Personal information
- Full name: Scott Ian Glenn Endersby
- Date of birth: 20 February 1962 (age 64)
- Place of birth: Lewisham, England
- Height: 5 ft 10 in (1.78 m)
- Position: Goalkeeper

Senior career*
- Years: Team / Apps / (Gls)
- Irthlingborough Diamonds
- 0000–1979: Kettering Town
- 1979–1981: Ipswich Town / 0 / (0)
- 1981–1983: Tranmere Rovers / 79 / (0)
- 1983–1985: Swindon Town / 85 / (0)
- 1985–1987: Carlisle United / 52 / (0)
- 1987–1990: York City / 35 / (0)
- 1987–1988: → Cardiff City (loan) / 4 / (0)
- 1988–1989: → Rochdale (loan) / 0 / (0)
- Total:  / 255 / (0)

International career
- 1979: England Youth / 2 / (0)

= Scott Endersby =

English footballer (born 1962)

Scott Ian Glenn Endersby (born 20 February 1962) is an English former professional footballer who played as a goalkeeper. He played in the Football League for Tranmere Rovers, Swindon Town, Carlisle United, York City and Cardiff City.

==Club career==
Born in Lewisham, County of London, Endersby started his career in non-League football when playing for Irthlingborough Diamonds and Kettering Town. With Kettering, he was 15 years and 288 days old when playing in the FA Cup first round against Tilbury on 26 November 1977. Record books credited him with being the youngest player to appear in the FA Cup proper, although some statisticians argued this claim was invalid, with the Football Association declaring the result of the match void due to Kettering fielding an ineligible player.

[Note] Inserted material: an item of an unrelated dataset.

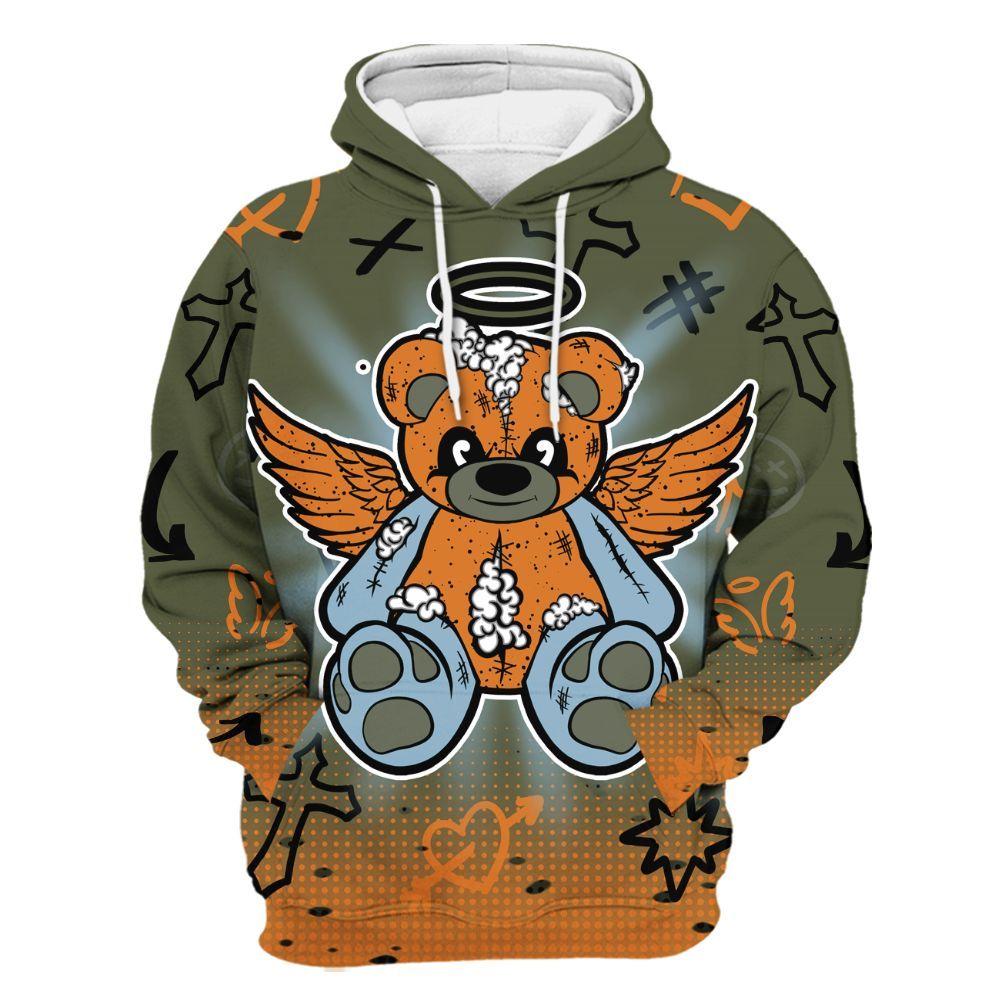 Hoodie To Match Olive 5s - Gods Guides Me Bear Graphics All Over Print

However, Endersby did play in the replay nine days later.

He earned a Football League move after signing for Ipswich Town in March 1979 for a fee of £8,000. He failed to make any league appearances for Ipswich before signing for Tranmere Rovers in July 1981. Having made 79 league appearances in two seasons with Tranmere, Endersby signed for Swindon Town in August 1983. He signed for Carlisle United in November 1985, initially on loan, having made 85 league appearances for Swindon.

After making 52 league appearances for Carlisle, Endersby signed for York City in July 1987. He made his debut in York's 1–0 defeat away at Brighton & Hove Albion on 15 August 1987, but his chances in the team were limited after Chris Marples established himself. Endersby was transfer listed in December 1987 for disciplinary reasons, and later that month joined Cardiff City on loan, where he made four league appearances. He finished the 1987–88 season with 42 appearances for York.

After a spell on loan with Rochdale starting in December 1988, in which he made no league appearances, he went part-time with York in May 1989. He finished his second season at York with a single appearance, against Wrexham in a 1–0 home win on 14 March 1989. Endersby left the club in April 1990 to enter a pub management course before working as a chef.

==International career==
Endersby was capped by the England national youth team in 1980 while an Ipswich player.